If you grew up in Miami Beach prior to 1993, the floor above the neighborhood drug store on Fifth Street at Washington Avenue was a magical place.
For more than a quarter-century, aspiring boxers climbed two flights of creaky stairs to a cavernous, broiling-hot room to train, hoping they would emerge world champions.
Joe Louis. Carmen Basilio. Ezzard Charles. Willie Pep. Sugar Ray Robinson. Sonny Liston. Jake LaMotta. Sugar Ray Leonard. And the greatest, Muhammad Ali. All legendary names in boxing. And all of them used the 5th Street Gym to forge their careers. The gym was shuttered in 1992, and a wrecking ball destroyed the building one year later.
Today, one of its regulars is immortalizing the gym in print.
Boxing icon Ferdie Pacheco, AKA the "Fight Doctor," is releasing his latest book, Tales From the 5th Street Gym, this week. "The happiest part of my life happened in that gym," the 83-year-old Cuban-American author attests. "I wanted to commemorate it."
Pacheco informs Banana Republican that the book is a memoir documenting the rise and fall of the 5th Street Gym, which opened in the 1950s when famous boxing promoter Chris Dundee and his trainer brother, Angelo, brought world championship boxing to Miami Beach. Shortly thereafter, the gym was christened the "University of Boxing."
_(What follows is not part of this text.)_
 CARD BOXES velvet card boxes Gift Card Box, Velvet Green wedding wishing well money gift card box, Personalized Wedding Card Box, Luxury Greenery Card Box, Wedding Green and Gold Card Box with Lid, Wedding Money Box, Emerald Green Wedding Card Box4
In addition to Pacheco's prose, the book includes essays and contributions from other writers including Angelo Dundee, Miami Herald sports editor Edwin Pope, former Miami News editor Howard Kleinberg, and boxing commentator Bob Sheridan.
Pacheco will celebrate the launch of the book tomorrow from 6 to 8 p.m. at El Scorpion Mexican Kitchen & Tequila Bar at 433 Washington Ave. in Miami Beach.